Federalism and Ethnicity Issues Critical to Nepal

After many delays and amidst much drama, Nepal’s new constitution is due in two weeks. The hardest issues are yet to be decided.

Federalism of some sort is certain, but its nature – ethnic or geographical – and the details of how to carve out states are not yet agreed. Deep chasms of ideology and self-interest separate the four main political powers and a large number of small parties.

During the last phase of Nepal’s 1996-2006 civil war, the rebel Maoists used ethnicity to stir up unrest that they believed would destabilize the government. Although Nepal has at least 50 ethnic groups and despite a long history of political dominance by just a few of them, ethnic problems had surfaced only rarely until then.

The seeds of dissent that the Maoists sowed a decade ago have grown fruit, and there are scores of pressure groups now calling for ethnic federalism, regional autonomy and more.

Technology has also contributed to the issue. Nepal’s relatively small southern plains are home to about half of its population. That is recent: DDT spraying in the 1950s decimated the malaria-carrying mosquitoes that had kept the region lightly populated previously. In the subsequent two generations, migration from the hills to the north and from the crowded Indian plains to the south have overwhelmed the indigenous Tharu population, who had lived there for centuries and developed a natural immunity to malaria.

The southerners have not been traditional power players in Nepali politics. But the late-2006 peace agreement that ended the war and the April 2008 election that created the Constituent Assembly, acting as a parliament and constitution-writing body, gave them an opportunity to play the main parties against each other.

The southerners’ mantra has been “one Madesh [their name for the plains], one state.” But the indigenous Tharus, who are a majority only in the center of the region, object to the concept, and all of the non-Madeshi parties fear ceding control of the entire southern region, through which the only roads to India pass.

If the southerners were politically united, they would carry a lot of weight – in aggregate they won 144 of the six hundred Assembly seats. But the southern vote went to many parties, and though most of them claim a similar agenda their animosity to one another makes cooperation difficult.

The main center-right party, the Nepali Congress, opposes not only a unified southern state but the entire concept of ethnicity as grounds for statehood. They argue that economic viability requires a division of states that is essentially north-south, combining mountain regions, the mid-hills, and the plains.

The center-left party, the UML, has traditionally been bereft of principle and has consequently found it hard to take a position on this issue: they advocate a larger number of federal states than the Congress want (but have put forth three different proposals) and suggest complicated names for the federal states, which combine both ethnicity and geography.

The left-wing Maoists want 14 federal states with ethnic names.
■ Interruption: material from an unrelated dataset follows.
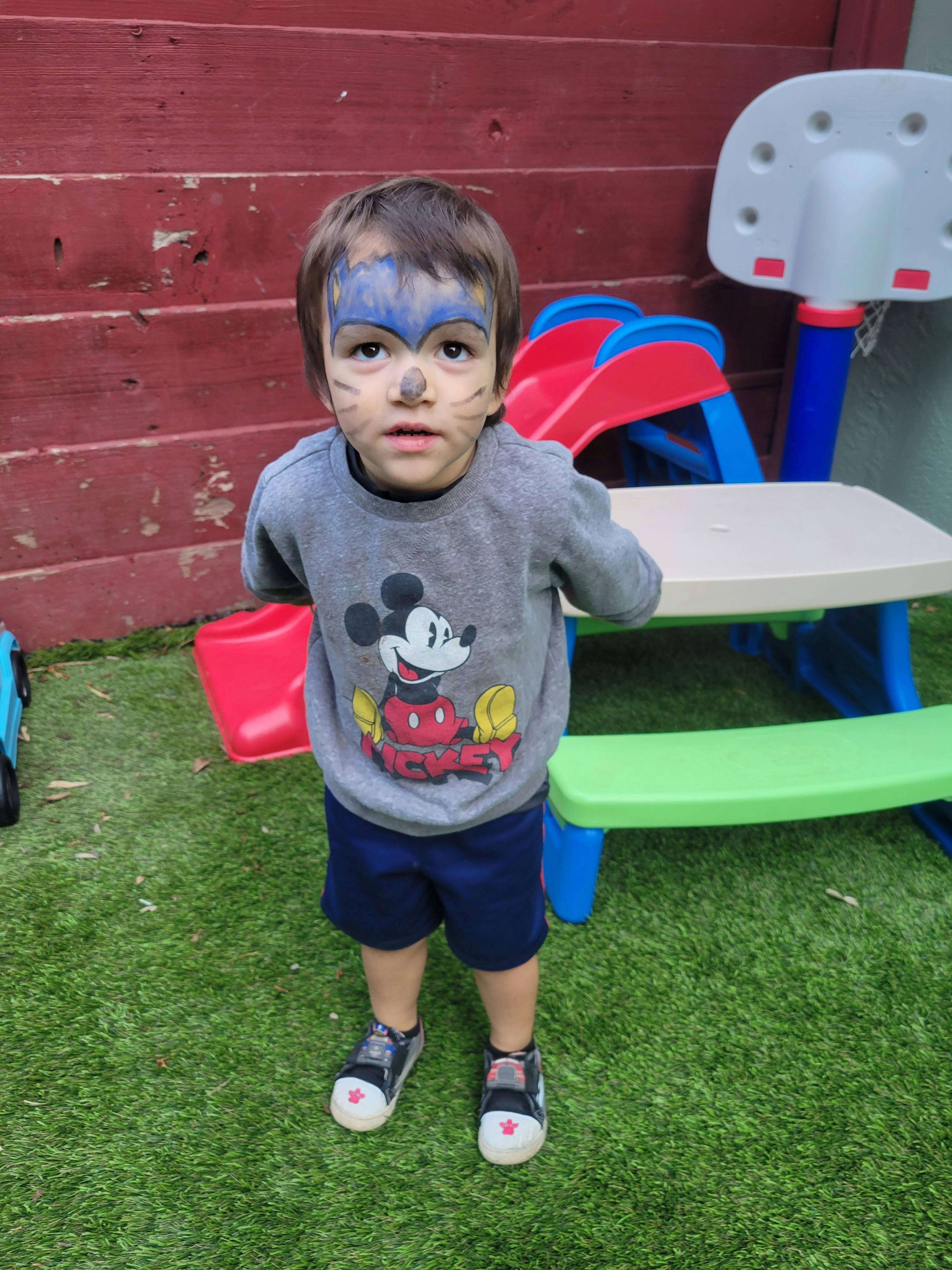 Child with face paint standing outdoors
But even they fear the southerners, and propose dividing the south into two “Madeshi” states with a small gap in-between, where Tharus are ethnically dominant and where the main road between the capital and India runs.

Rightist forces in Nepal are mostly royalists, and since the abolition of the monarchy four years ago, they have had little influence. But other anti-federalist forces successfully enforced a transportation strike in the capital for two days last week. A similar strike in western Nepal against breaking up the region has paralyzed transportation for long enough that the UN has intervened, and unrest in the east against ethnic boundaries is rising.

Nepal’s interim constitution requires a two-thirds vote to ratify a new statute and calls for consensus on the terms as a way to promote successful promulgation. Failing consensus, the interim constitution says that a majority vote on contentious issues will decide which version of each clause till proceed to a ratification vote.

That vote should have happened ten days ago by the (much amended) Assembly schedule. The parties have collectively asked for postponements as they negotiated. Last Thursday when the vote was scheduled, the subcommittee responsible for preparing the ballot said that they were not ready.

A day or two of delay may bring some sort of agreement, though the parties’ bottom-line positions are far apart. If the key issues come to a vote, divisions within the parties are so deep that some defections from party-mandated positions are likely. In Nepal a party “whip,” a order for a particular vote on an issue, is mandatory for parliamentary matters but not for constitutional issues.

The ideological divisions are deep enough that a plurality vote on whatever statute is sent up on May 28th is far from certain. But failure to promulgate a new constitution, however flawed, on time would lead to so many potential disasters that the country’s leaders may yet cobble together an agreement.